African Plant Nutrition Institute, Benguérir, Morocco.
Agricultural and Food Engineering Department, IIT Kharagpur, Kolkata, India.
PLoS One. 2020 Feb 24;15(2):e0229100. doi: 10.1371/journal.pone.0229100. eCollection 2020.
Yield gaps of maize (Zea mays L.) in the smallholder farms of eastern India are outcomes of a complex interplay of climatic variations, soil fertility gradients, socio-economic factors, and differential management intensities. Several machine learning approaches were used in this study to investigate the relative influences of multiple biophysical, socio-economic, and crop management features in determining maize yield variability using several machine learning approaches. Soil fertility status was assessed in 180 farms and paired with the surveyed data on maize yield, socio-economic conditions, and agronomic management. The C&RT relative variable importance plot identified farm size, total labor, soil factors, seed rate, fertilizer, and organic manure as influential factors. Among the three approaches compared for classifying maize yield, the artificial neural network (ANN) yielded the least (25%) misclassification on validation samples. The random forest partial dependence plots revealed a positive association between farm size and maize productivity. Nonlinear support vector machine boundary analysis for the eight top important variables revealed complex interactions underpinning maize yield response. Notably, farm size and total labor synergistically increased maize yield. Future research integrating these algorithms with empirical crop growth models and crop simulation models for ex-ante yield estimations could result in further improvement.
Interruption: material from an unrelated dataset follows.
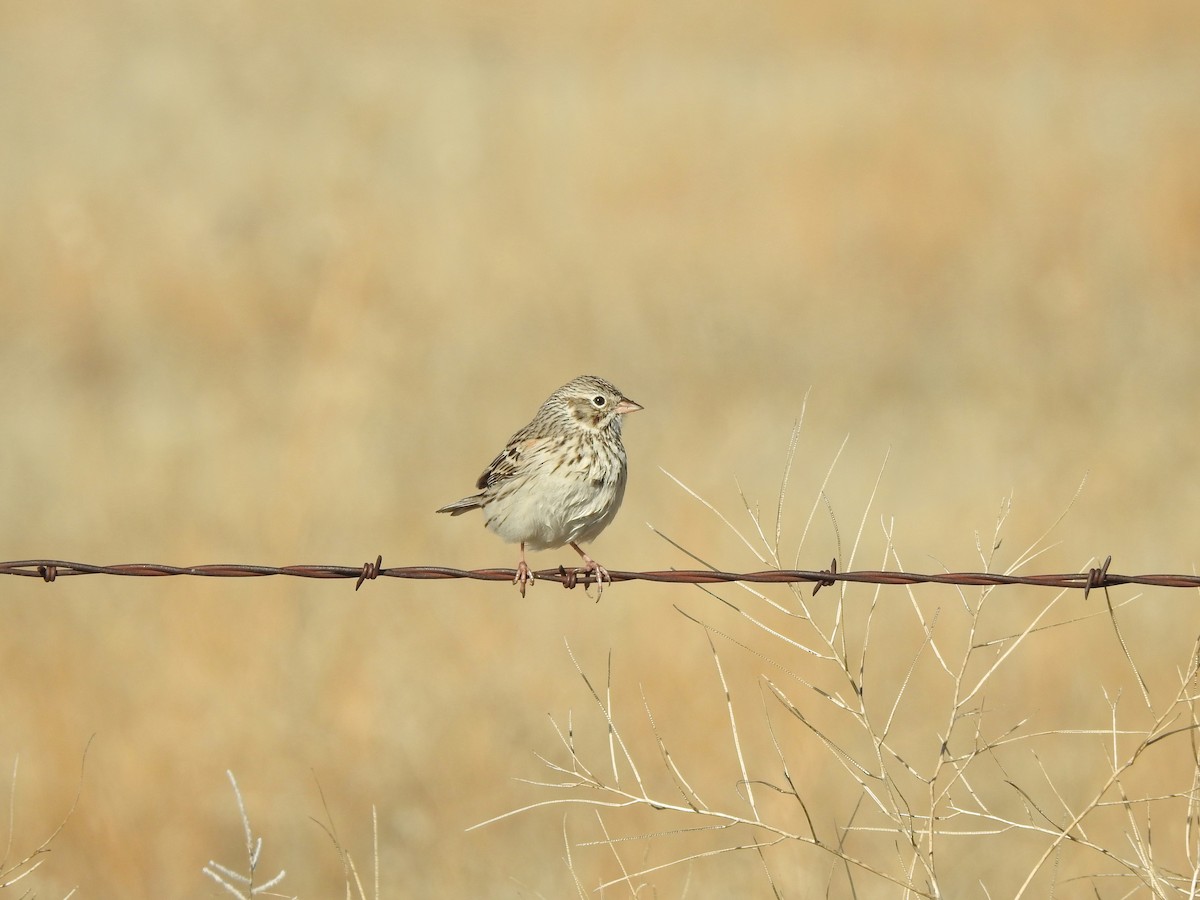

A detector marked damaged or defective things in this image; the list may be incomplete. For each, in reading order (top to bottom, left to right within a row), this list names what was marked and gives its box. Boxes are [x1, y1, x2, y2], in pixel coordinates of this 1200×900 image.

rusty wire [0, 554, 1195, 595]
印度东部小农户玉米(Zea mays L.)的产量差距是气候变异、土壤肥力梯度、社会经济因素和差异化管理强度复杂相互作用的结果。本研究采用了几种机器学习方法,利用多种机器学习方法研究了多个生物物理、社会经济和作物管理特征对玉米产量变异性的相对影响。在 180 个农场中评估了土壤肥力状况,并将其与调查的玉米产量、社会经济条件和农业管理数据进行了配对。C&RT 相对变量重要性图确定了农场规模、总劳动力、土壤因素、播种率、肥料和有机肥是有影响的因素。在比较的三种方法中,用于分类玉米产量的人工神经网络 (ANN) 在验证样本上的错误分类率最低(25%)。随机森林部分依赖图显示了农场规模和玉米生产力之间的正相关关系。对八个最重要变量的非线性支持向量机边界分析揭示了支撑玉米产量响应的复杂相互作用。值得注意的是,农场规模和总劳动力协同增加了玉米产量。未来的研究将这些算法与经验作物生长模型和作物模拟模型集成,用于事前产量估计,可能会进一步提高产量。